### REQUIRED WORK
Without pictures, output exactly the lines running from the line containing "Woman obscuring face with straw hat photo" to the end of the listing below.

-- SUPPLIED INFORMATION follows --

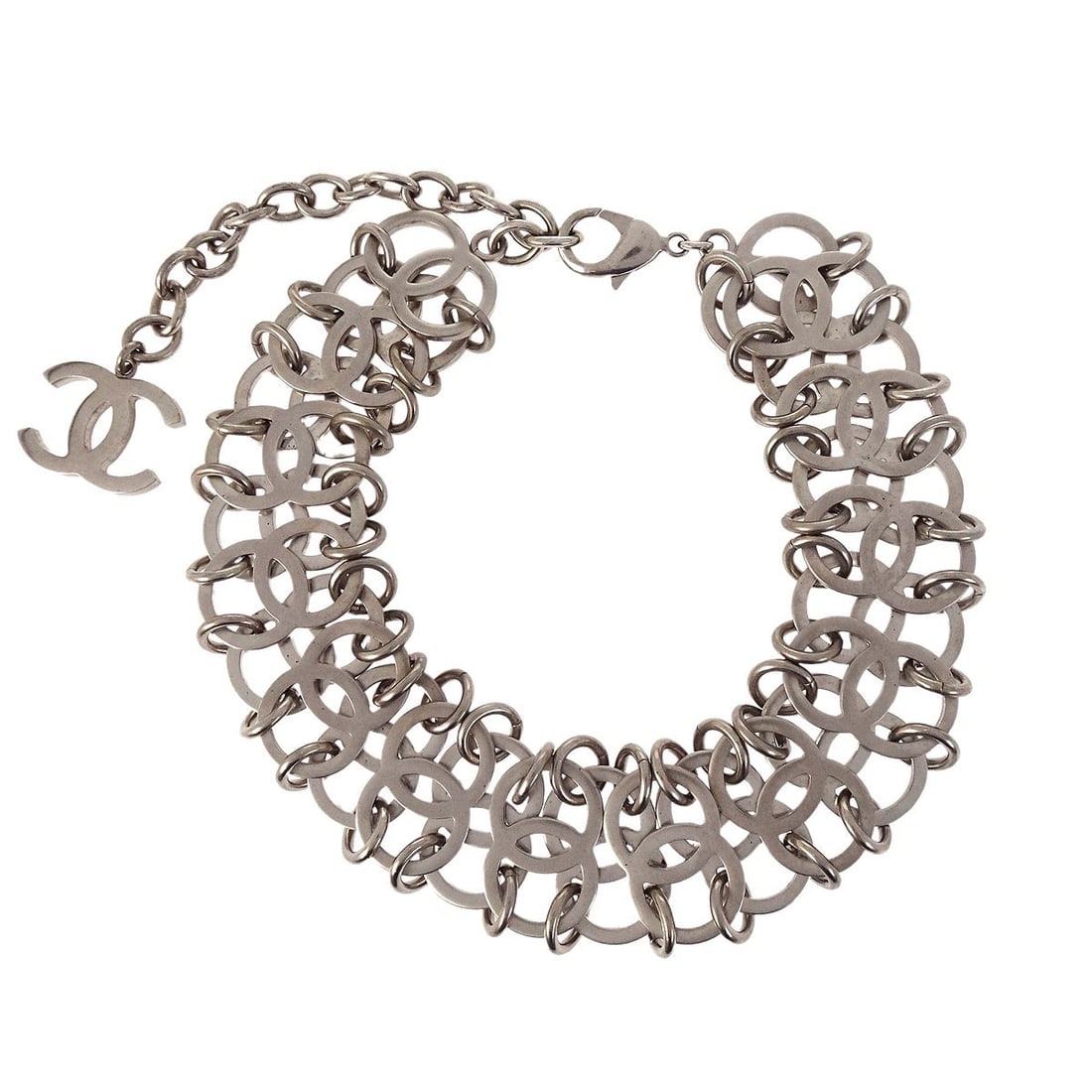 CHANEL silver plated CC choker necklace B16S: CHANEL silver plated CC choker necklace B16S This Chanel choker necklace features the iconic CC logo in a silver color. Crafted in Italy, it is made from silver-plated material and designed in a choke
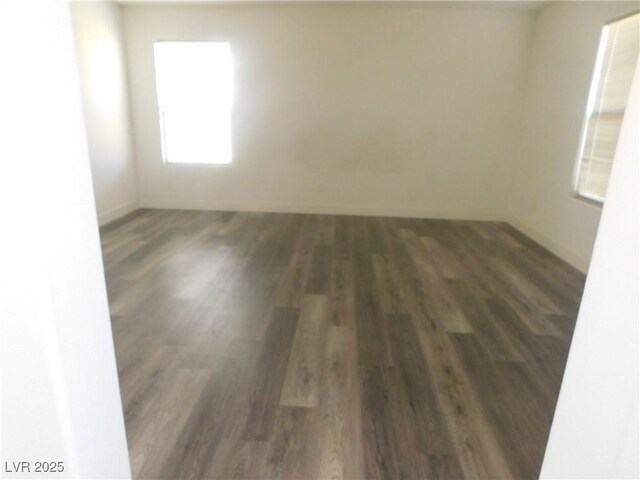 11173 Hickory Glen St, Las Vegas, NV 89179 - spare room with wood finished floors and baseboards
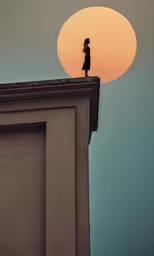 a person standing on top of a building next to the sun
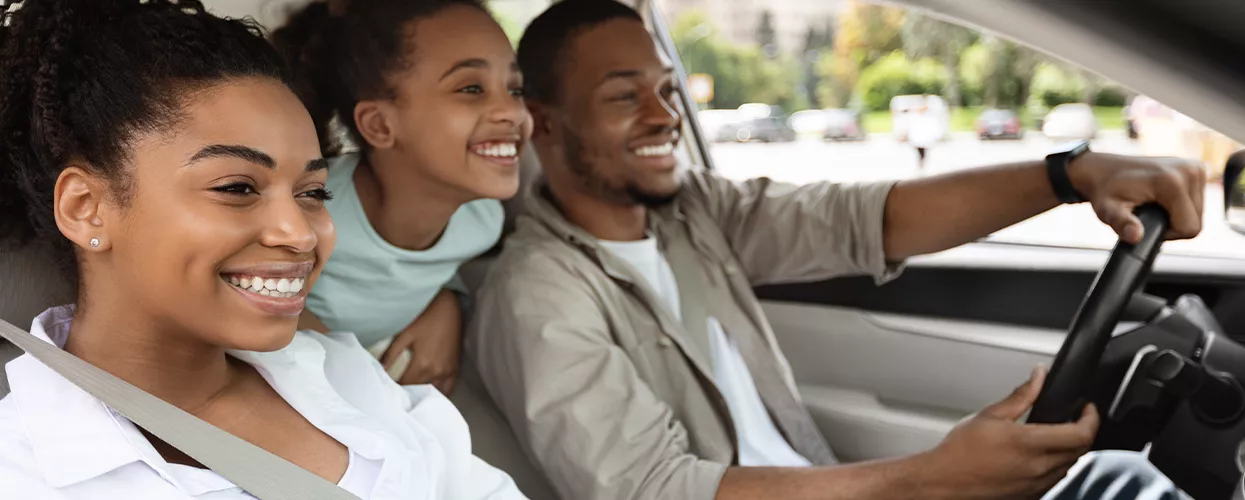 Family driving in their new Toyota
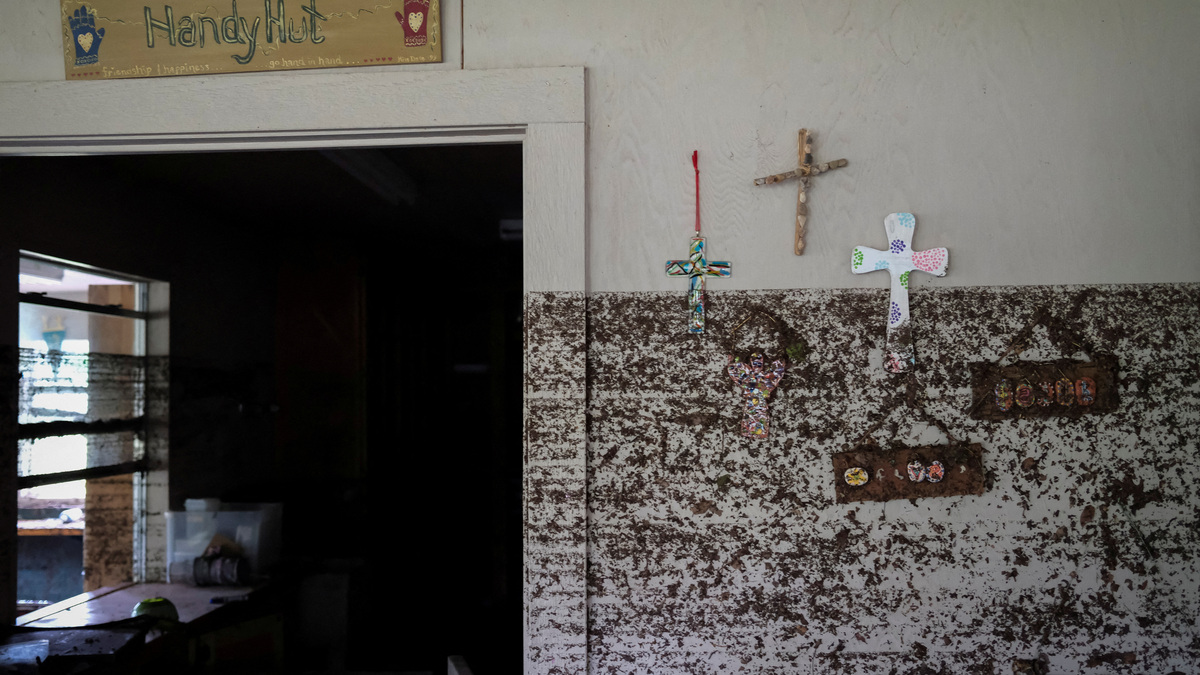 FILE PHOTO: Crosses hang from a wall with flood marks, following flooding on the Guadalupe River, at Camp Mystic, Hunt, Texas, U.S. July 7, 2025. REUTERS/Marco Bello/File Photo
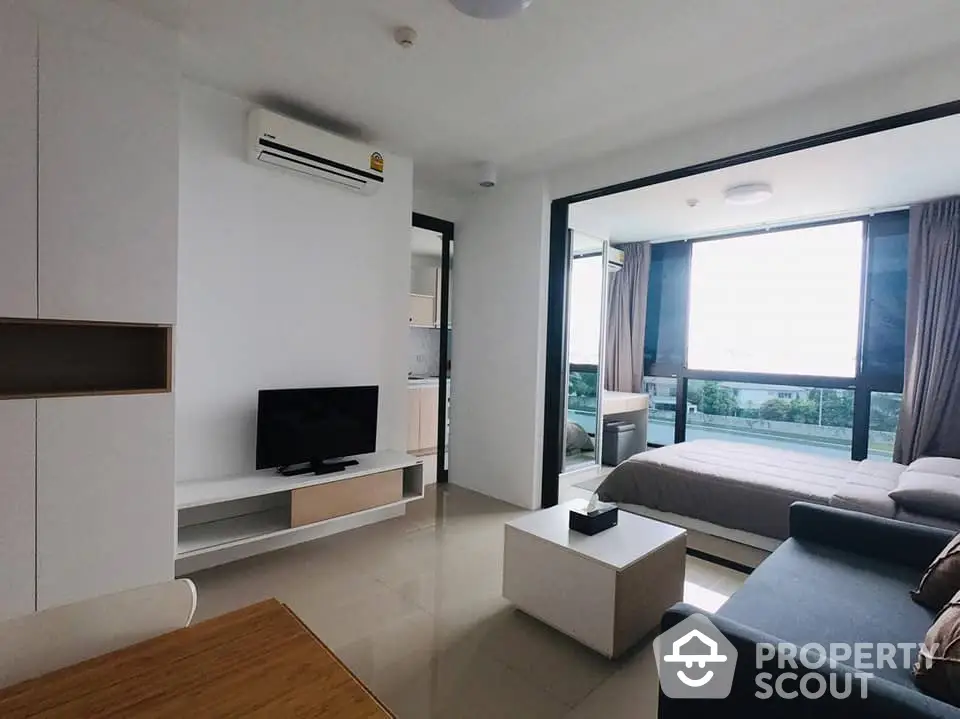 Modern studio apartment with seamless living and sleeping areas, featuring sleek furnishings, ample natural light, and a cozy balcony with a view.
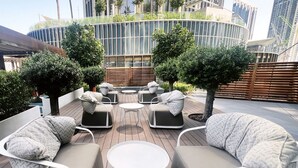 A rooftop lounge with modern outdoor furniture, including sofas and a round table, surrounded by greenery and overlooking a cityscape with high-rise buildings.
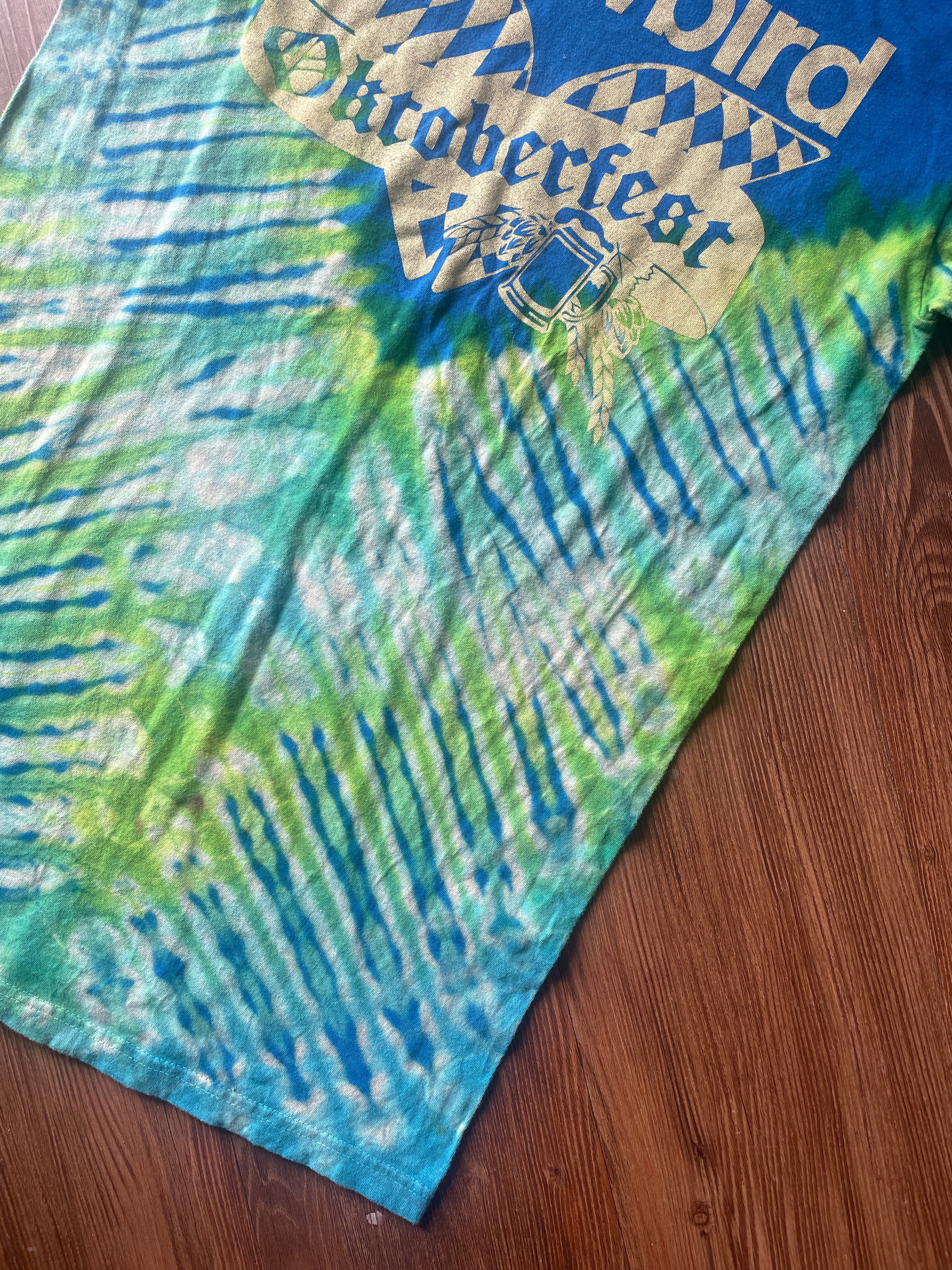 Small Men’s Snowbird Octoberfest Handmade Tie Dye T-Shirt | Utah Snowbird Ski Resort Blue and Green V-Pleated Tie Dye Short Sleeve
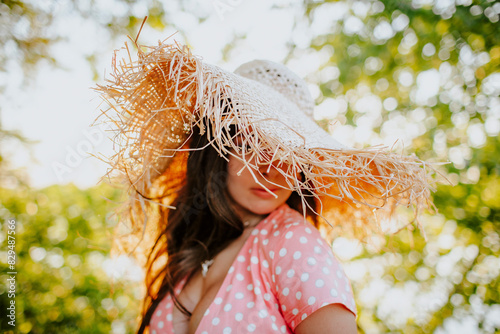 Woman obscuring face with straw hat photo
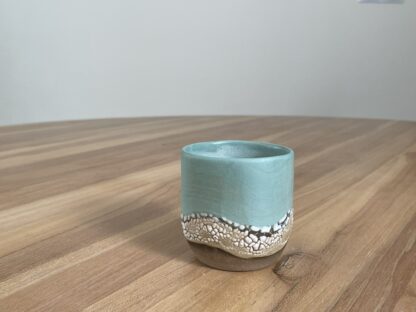 Light teal tumbler with a cloud-like belt - Image 6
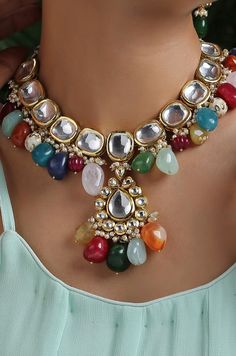 This navrattan necklace set with its pop of colors and quirky shapes is a sublime piece. The subtelty of the polki with hints of muted golden tones creates the perfect balance to create a winning look. Necklace Closure - Adjustable Dori Earrings Closure - Push Back Style Tip - This multicolored piece of art is perfect for gracing traditional funtions in full pomp and show. Navrattan itself being the traditional epitome of prosperity, wealth and status. What could be better than Handcrafted in Ja Traditional Colorful Jewelry For Festivals, Multicolor Necklaces For Festivals And Celebrations, Festive Multicolor Beaded Jewelry, Multicolor Handmade Kundan Necklace For Party, Handmade Multicolor Kundan Necklace For Party, Handmade Multicolor Temple Jewelry Necklaces, Multicolor Temple Jewelry Necklace As Gift, Multicolor Temple Jewelry Necklace For Gift, Multicolor Temple Jewelry Necklaces For Gift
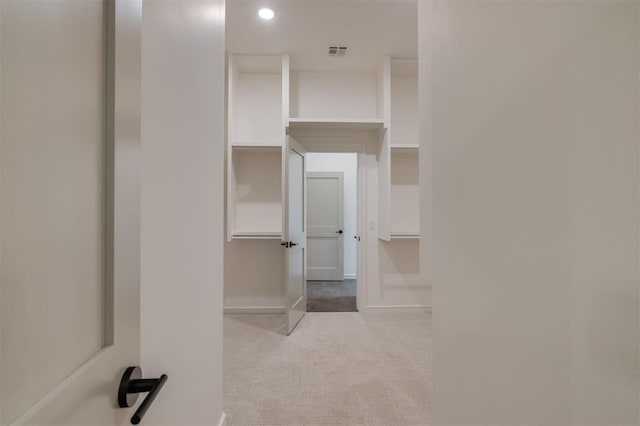 spacious closet featuring light carpet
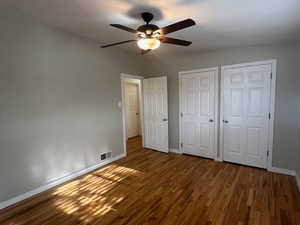 Unfurnished bedroom featuring hardwood / wood-style floors, ceiling fan, and multiple closets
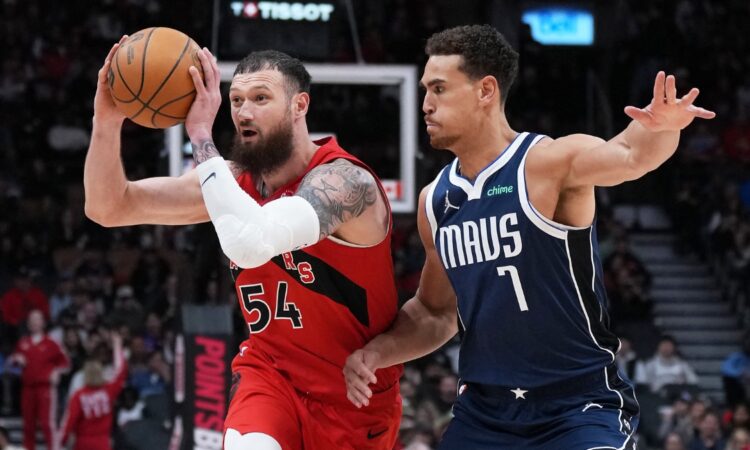 Toronto Raptors forward Sandro Mamukelashvili controls the ball as Dallas Mavericks forward Dwight Powell defends at Scotiabank Arena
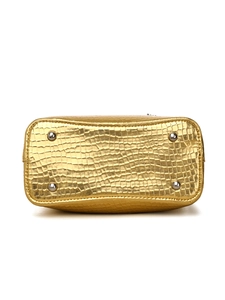 Detail view of metallic gold bucket bag bottom with protective metal rivets and croc texture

-- SUPPLIED INFORMATION concluded --

### RESPONSE
 Woman obscuring face with straw hat photo
 Light teal tumbler with a cloud-like belt - Image 6
 This navrattan necklace set with its pop of colors and quirky shapes is a sublime piece. The subtelty of the polki with hints of muted golden tones creates the perfect balance to create a winning look. Necklace Closure - Adjustable Dori Earrings Closure - Push Back Style Tip - This multicolored piece of art is perfect for gracing traditional funtions in full pomp and show. Navrattan itself being the traditional epitome of prosperity, wealth and status. What could be better than Handcrafted in Ja Traditional Colorful Jewelry For Festivals, Multicolor Necklaces For Festivals And Celebrations, Festive Multicolor Beaded Jewelry, Multicolor Handmade Kundan Necklace For Party, Handmade Multicolor Kundan Necklace For Party, Handmade Multicolor Temple Jewelry Necklaces, Multicolor Temple Jewelry Necklace As Gift, Multicolor Temple Jewelry Necklace For Gift, Multicolor Temple Jewelry Necklaces For Gift
 spacious closet featuring light carpet
 Unfurnished bedroom featuring hardwood / wood-style floors, ceiling fan, and multiple closets
 Toronto Raptors forward Sandro Mamukelashvili controls the ball as Dallas Mavericks forward Dwight Powell defends at Scotiabank Arena
 Detail view of metallic gold bucket bag bottom with protective metal rivets and croc texture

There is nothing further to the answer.